A conexão íntima que existe entre evangelização e promoção humana tem seu fundamento na apresentação da fé cristã que reconhece o infinito amor de Deus Pai pelo homem, conferindo-lhe uma dignidade infinita. E mais, ao assumir a carne humana o Filho de Deus revela para nós que cada pessoa humana foi elevada até ao próprio coração de Deus. O amor sem limites que Deus tem por nós se manifesta ainda mais no reconhecimento de que Jesus deu o seu sangue por nós. A redenção realizada na cruz não redime só individualmente, mas afeta também as relações sociais entre os homens: tudo fica redimido. O próprio Espírito Santo procura permear toda a situação humana e todos os vínculos sociais. É o mistério santo da Trindade que impede de pensarmos que podemos realizar-nos e salvar-nos sozinhos, pois, criados à imagem da comunhão divina só nos realizamos nesta comunhão, que inclui a comunhão com os nossos semelhantes. 

Este é o fundamento primeiro da relação entre evangelização e promoção humana. Aceitar este fundamento ou aceitar que o primeiro anúncio consiste nesta realidade, ou seja, a comunhão trinitária funda a comunhão entre nós, leva-nos a uma primeira e fundamental reação: desejar, procurar e ter a peito o bem dos outros (EG 178). Em primeiro ligar, o anúncio nos ensina que no irmão está o prolongamento permanente da Encarnação, para a vida de cada um de nós. Esta afirmação do Papa Francisco nos remete ao reconhecimento de que nenhuma espiritualidade privativa, isto é, a relação “Deus e eu somente”, faz justiça ao significado da Palavra de Deus. O exemplo de Jesus, suas palavras, seus gestos de amor e de compaixão pelos outros mostram que é necessário sair de si para o irmão. Aqui está, afirma o Papa Francisco, “um dos dois mandamentos principais que fundamentam toda a norma moral e como sinal mais claro para discernir sobre o caminho de crescimento espiritual em resposta à doação absolutamente gratuita de Deus” (EG 179).
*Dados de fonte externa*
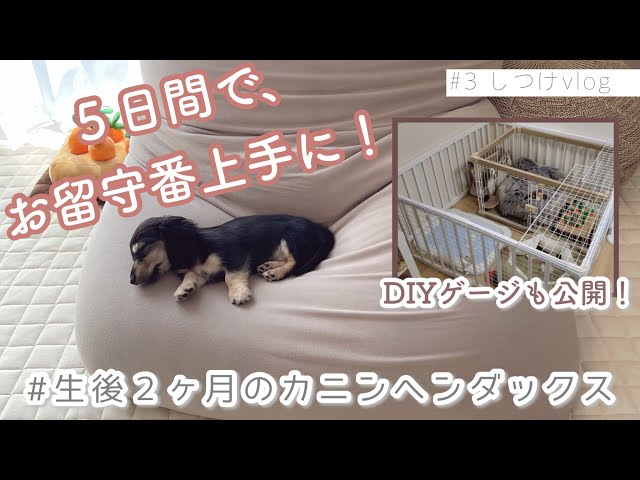 【 子犬しつけ 】頑張るイッヌの姿がなんとも言えないです… class=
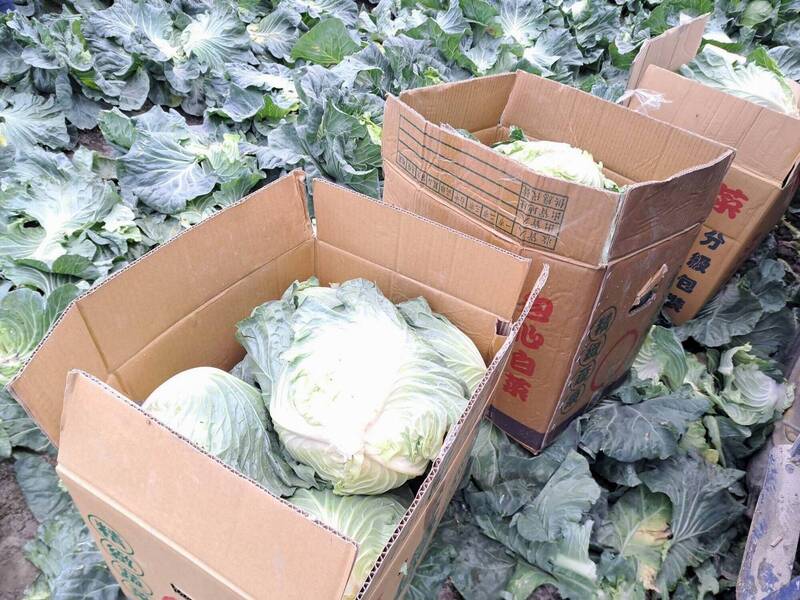 快下手！彰化伸港雪翠高麗菜3顆100便宜賣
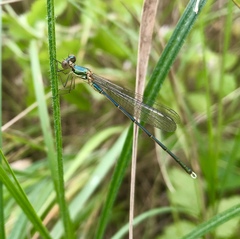 Chalcolestes parvidens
Todos necessitam reconhecer que esta íntima conexão entre anunciar o Evangelho e fazer o bem ao irmão brota inevitavelmente da natureza da Igreja. Assim como a Igreja é missionária por natureza, assim também, por natureza, a Igreja deve sempre ter caridade efetiva para com o próximo. Esta caridade compreende, assiste e promove. 
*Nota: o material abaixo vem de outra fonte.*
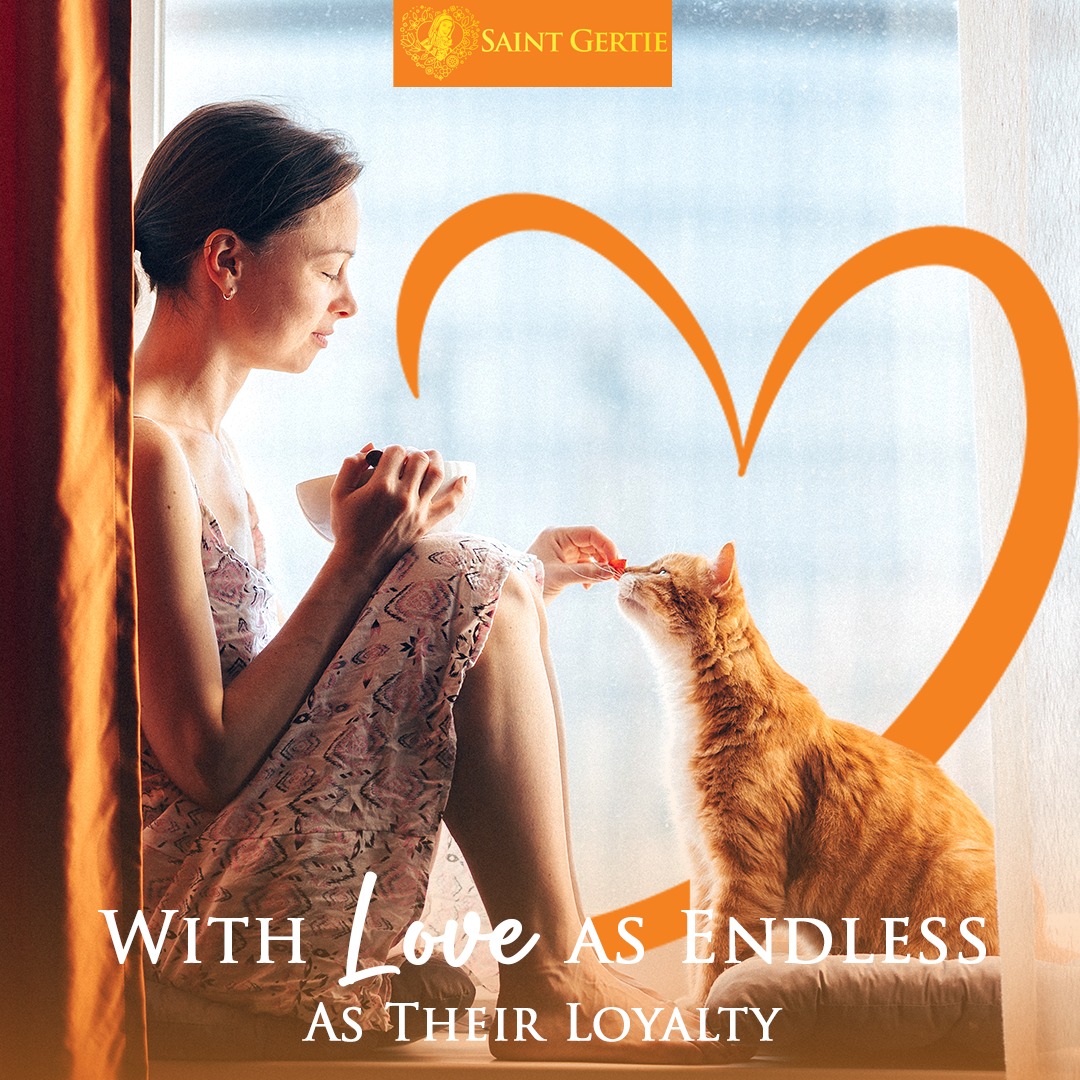 Saint Gertie Premium Cat Shampoo Facebook ad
O Papa Francisco reconhece que cada cristão e cada comunidade são chamados a ser instrumentos de Deus a serviço da libertação e da promoção dos pobres, para que possam integrar-se plenamente na sociedade (EG 187). A Palavra de Deus está cheia do testemunho de que Deus, o Bom Pai, ouve o clamor dos pobres. Desde a experiência do êxodo, paradigma da ação de libertação do pobre por parte de Deus, a Escritura apresenta Deus como o defensor dos mais fracos, dos pobres (cf. Ex 3,7-8.10; Jz 3,15; Dt 15,9; Eclo 4,6; 1Jo 3,17; Tg 5,4: os clamores…chegaram aos ouvidos do Senhor do universo). Para o Papa o imperativo de ouvir o clamor dos pobres faz-se carne em nós, quando no mais íntimo de nós mesmos nos comovemos à vista do sofrimento alheio. É uma atitude de misericórdia que se deve ter sempre, como atesta a própria Palavra de Deus. Esta tem uma mensagem tão clara, tão direta, tão simples e eloquente que nenhuma hermenêutica (interpretação) eclesial tem o direito de relativizar (cf. EG 194). 

É uma exigência que a Igreja reconheceu como “derivada da própria obra libertadora da graça em cada um de nós”, pois como afirma Papa Francisco: “não se trata de uma missão reservada apenas a alguns”. Toda a Igreja é chamada a ser guiada pelo Evangelho da Misericórdia, pela solidariedade.